## Task prompt
Below is a listing to write out in full, exactly as given, without its pictures.

## Given material
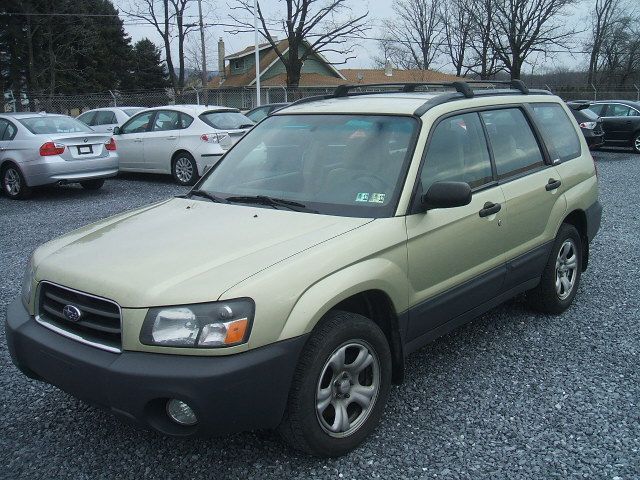 2003 Subaru Forester LT Z71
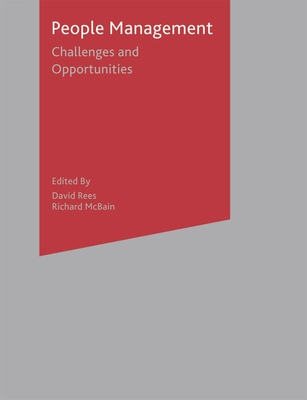 Cover for People Management: Challenges and Opportunities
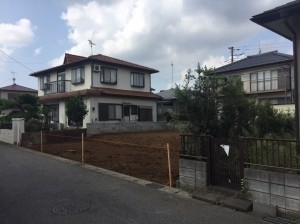 家屋解体工事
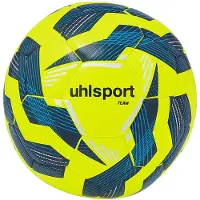 Uhlsport Ballon Football Loisir Team Jaune Fluorescent 4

## Result for this task
 2003 Subaru Forester LT Z71
 Cover for People Management: Challenges and Opportunities
 家屋解体工事
 Uhlsport Ballon Football Loisir Team Jaune Fluorescent 4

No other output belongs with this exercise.